In this Flashback Friday episode of the Creating Wealth podcast from February 2016, Jason Hartman started during the Venture Alliance Group trip in Dubai. He introduced one of the first ever Venture Alliance members, Gary Pinkerton and the pair discussed what drew Pinkerton into the world of real estate investment, as well as the importance of surrounding oneself with like-minded people.

Naresh returned to the show to ask Hartman various real estate investment questions, one being about commercial versus residential investment property. They also covered topics of single-family homes, how the need for residential properties is never outsourced to other countries, and how the oil industry is affecting US oil towns.

Intro with Gary Pinkerton in Dubai

Hartman introduces the Creating Wealth episode in Dubai of the United Arab Emirates, during one of the Venture Alliance group trips. Four weekends out of each year, Venture Alliance members travel to interesting new places. He introduces Gary Pinkerton, an attending member and one of the first members of the Venture Alliance group.

Pinkerton states that, like many, he read Robert Kiyosaki’s books and wanted to get rid of his W2 job. He has always been inspired by great architecture and enjoys interesting buildings. He notes that he wanted to apply his interests and create a passive investment. Through owning properties, he has moved from being an employee to a business owner after he first started listening to Hartman’s podcast in 2011.

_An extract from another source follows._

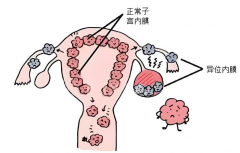 子宫内膜异位症做试管成功率并不低，不必担心怀孕问题！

He mentions that he grew up on a farm and might differ from the standard investor in a way, because he enjoys working with his hands. He thought about rehabbing properties initially and has worked on some of his own properties. Pinkerton states that he wanted to consistently increase his net worth and cash flow, so he wanted to leave the stock market. He moved from mutual funds to real estate investment because he wanted to invest his money into something that moved predictably.

Pinkerton explains that he loves the Venture Alliance group and has learned a great deal at the events by surrounding himself with other people who have taken big leaps financially. He states that he finds it rewarding to learn from others about their businesses and their experiences.

Drawing Inspiration from Those Around You

Hartman recalls a saying by Jim Rohn, that the amount of the money a person earns will be the average of the five people that he spends his time with.

Pinkerton mentions how important he feels it is to hang around with like-minded people in an informal environment. It’s a benefit to be around people that are going in the same direction you want to go and notes that we really have to make an effort to choose our peers. As we get older, we need to choose who we want to be around for our own benefit.

He mentions that it’s helpful to be around people who inspire him to do more. He states that he wants to follow through on his challenges when the people around him do the same. In this sort of environment, you’re accountable for the things you seek to do.

When it comes to tips and advice, Pinkerton states that he has made mistakes, sometimes expensive ones, but there’s always something to learn from them. One of the biggest lessons is to move forward and not get creative. By this he means that it’s important to look at the market rent when looking at an investment property. If you can get appreciation from the property, that’s great, but don’t expect that you’re going to always get rent rates that are higher than the 1% to market value.

Is Renting a Waste of Money?

Naresh joins the show again, and has real estate questions for Hartman to answer.

He explains that before getting into investing, he frequently heard the mantra of people wanting to buy a property because they believed renting to be a waste of money. He states that he’s read articles and listened to interviews Hartman had where professionals have broken down the math between owning and renting, but he still hears this same claim.

Hartman answers the question about rent being a waste of money by asking if buying food was a waste of money, or if having a car that you pay a lease or finance payment on is a waste of money? He asks if the money is actually going down the drain.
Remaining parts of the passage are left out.